Most of the table conversation entails Coogan and Brydon trying to make one another laugh or competing for the better impersonation. Though past films have featured their uncanny portrayals of Michael Caine and Tom Hardy’s Bane, the highlights here include Coogan’s Ray Winstone as a cockney Henry VIII and Brydon’s spot-on Dustin Hoffman—not only the actor’s performance in Midnight Cowboy and Marathon Man, but the electric drill from the latter film as well. Of course, none of The Trip films would be complete without several James Bond references or enough “Aha!” callouts to satisfy any Alan Partridge fan. Their discussions always offer a touch of wit and knowingly forced sophistication as well. Brydon reads from Aristotle’s Poetics at one point, and he misunderstands the philosopher’s discussion of “imitation” to hilarious effect. 

For every moment of comedy, there’s a touch of tragedy. Brydon’s initial calls home signal his loneliness away from his family, where he receives an unconditional love that his travel partner does not supply. Coogan, meanwhile, begins to feel older, his mortality ever more pressing as he receives updates about his father’s dwindling health. Black-and-white dream sequences reveal how thoroughly Greek culture has saturated the actor’s mind and informed his subconscious. More tellingly, Brydon recounts a story about feeling infantilized as an adult when he was forced to ride in the back seat of his parents’ car. It’s a story shared as a humorous aside, and Coogan, who jealously guards the driver’s seat of their rental, refuses to allow Brydon the wheel for that very reason. But later the imagery of an adult riding in the back has a heartbreaking poignancy. 

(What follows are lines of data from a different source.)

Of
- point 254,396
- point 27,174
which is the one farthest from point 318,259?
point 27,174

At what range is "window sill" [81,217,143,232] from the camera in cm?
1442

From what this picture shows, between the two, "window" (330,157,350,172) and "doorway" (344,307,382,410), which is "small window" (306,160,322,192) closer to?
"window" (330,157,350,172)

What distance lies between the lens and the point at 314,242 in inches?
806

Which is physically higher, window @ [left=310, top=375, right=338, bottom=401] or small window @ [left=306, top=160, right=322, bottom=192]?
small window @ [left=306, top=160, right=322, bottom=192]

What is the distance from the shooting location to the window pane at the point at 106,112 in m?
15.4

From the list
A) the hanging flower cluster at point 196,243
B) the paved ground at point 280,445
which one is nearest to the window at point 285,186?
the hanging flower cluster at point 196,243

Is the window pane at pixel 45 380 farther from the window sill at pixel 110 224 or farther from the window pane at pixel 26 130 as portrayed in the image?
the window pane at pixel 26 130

Even though we’ve been through this routine before with a different backdrop, the chemistry between these two performers never wears thin or overstays its welcome. It’s like getting together with old friends—something most of us cannot manage right now given the COVID-19 pandemic. In that sense, The Trip to Greece is a deeply satisfying experience of escape with a comforting sense of the familiar. Fortunately, after watching these sparring entertainers wander beautiful locations and taste exotic food over four exceedingly entertaining films, the viewer cannot help but feel some measure of growth. Winterbottom, Coogan, and Brydon leave us to appreciate the simple pleasures of food, travel, and humor through the framework of human history and culture. Whether it’s Brydon’s current obsession with Barry Gibb or Coogan weighing the melancholy implications of Homer’s epic poetry on his life, The Trip to Greece has moments of comedy and tragedy that never fail to evoke laughter and contemplation.